Photograph By Raffaele Petralla

At the heart of northwestern Russia's Arkhangelsk Oblast lies Plesetsk Cosmodrome, a missile base built during the Cold War that's now one of the world's most active rocket launch facilities.

But as the saying goes, what goes up must come down.

Each rocket launched from Plesetsk jettisons fuel containers and spent boosters, many of which fall back down to earth in the northern Mezensky District, a restricted area more than 200 miles northeast of the base. The area's largest settlement is the town of Mezen, population 3,575.

Life in and around Mezen isn't easy. Each summer, the rivers that crisscross the area flood, overwhelming the local roads and forcing people and their goods to ford multiple rivers.

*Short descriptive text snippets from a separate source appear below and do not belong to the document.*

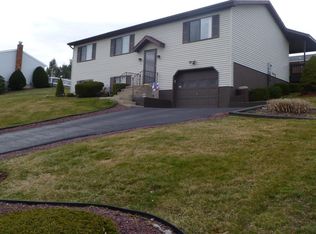 5 Abraham Ave, Hanover Township, PA 18706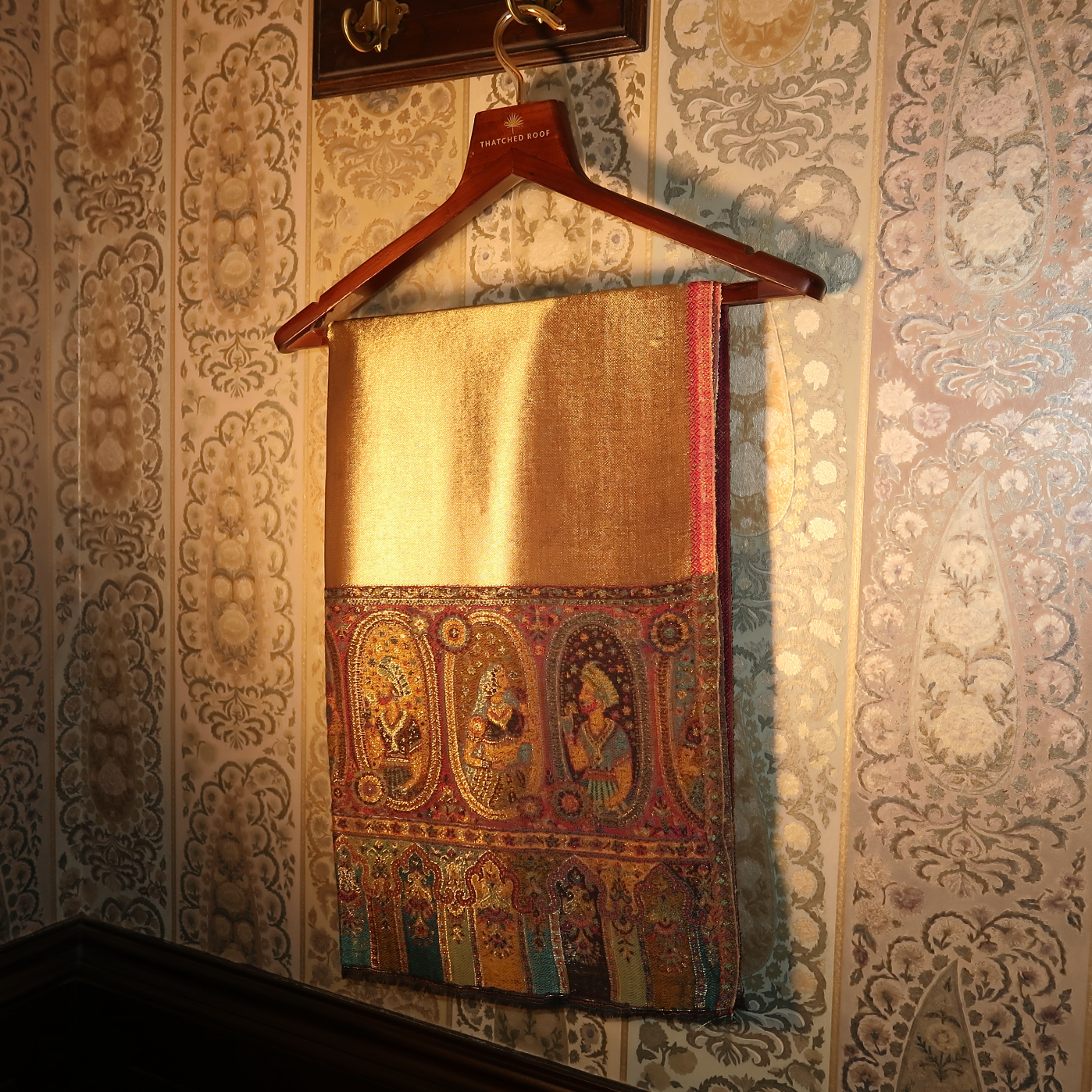 LIQUID GOLD: PERSIA SHAWL (RANI PINK)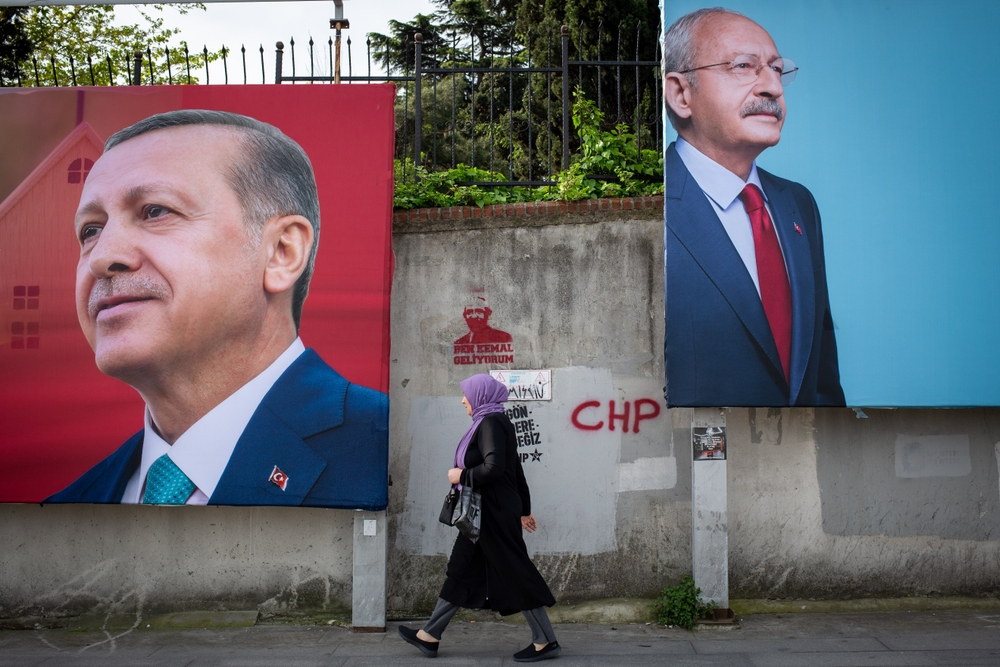 Manifesti elettorali dei due principali contendenti la presidenza turca © tolga ildun/Shutterstock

So after jettisoned rocket parts fall from the skies above Mezen, villagers salvage the wreckage. Bits of fuselage become boats called rocketa and hunting sleds; gold and titanium pried from the wrecks find their way into the black markets of Arkhangelsk, the region's largest city. And fragments of some rockets even stand tall in villagers' gardens, as if the plots had sprouted metallic trees.

“I could not believe it, to see it with my own eyes,” says Italian photographer Rafaelle Petralla, who visited the area in 2017 and 2018 to document the villagers' unusually aeronautic way of life.

An Elaborate—and Possibly Toxic—Secret

The Plesetsk Cosmodrome began as an elaborate Soviet secret. The Western public didn't know about the base until 1966, when students and teachers at a U.K. grammar school deduced its presence. It'd take another 17 years for the Soviet Union to officially acknowledge its existence.

Secrecy still shrouds the area. The northern Mezensky district falls within Russia's “border security zone,” which means that authorized visitors must be approved by Russia's FSB security services. The requirement makes foreigners—let alone foreign photographers—a scarce sight.

By capturing images of life in the region, Petralla hopes that his work will help spread the stories of its inhabitants. In particular, he says that villagers he spoke to remain concerned about toxic compounds spread by the rockets.

“The government doesn't want to recover it, because it's too expensive, but at the same time, they have toxic materials,” says Petralla. “NASA, for example, goes to recover rockets in the Atlantic Ocean. Why doesn't the Russian government?”

When they crash to Earth, Plesetsk's spent booster stages still contain heptyl, a rocket propellant that's highly toxic and probably carcinogenic. Researchers are actively studying heptyl contamination around Baikonur Cosmodrome, a launch site in Kazakhstan.

While cancer records for Arkhangelsk Oblast, the region containing Mezen and Plesetsk, don't show unusual spikes relative to the rest of Russia, Petralla says that local villagers are adamant about heptyl's toll.

Bulat Kenessov, an analytical chemist at Al-Farabi Kazakh National University who studies Baikonur's heptyl, says that Plesetsk's health hazards merit a closer look, especially larger propellant spills at the cosmodrome itself.

“The human health risks are there and should be studied,” Kenessov says. “[Local researchers have] world-class equipment and highly qualified staff. They do as much as possible, but their abilities are limited by the low funding.”

View Images

A charming settlement flanking the Mezen River, the village of Kimzha was named one of Russia's most beautiful villages in 2016. Since the 1960s, dozens of rockets have fallen into the forests surrounding Kimzha.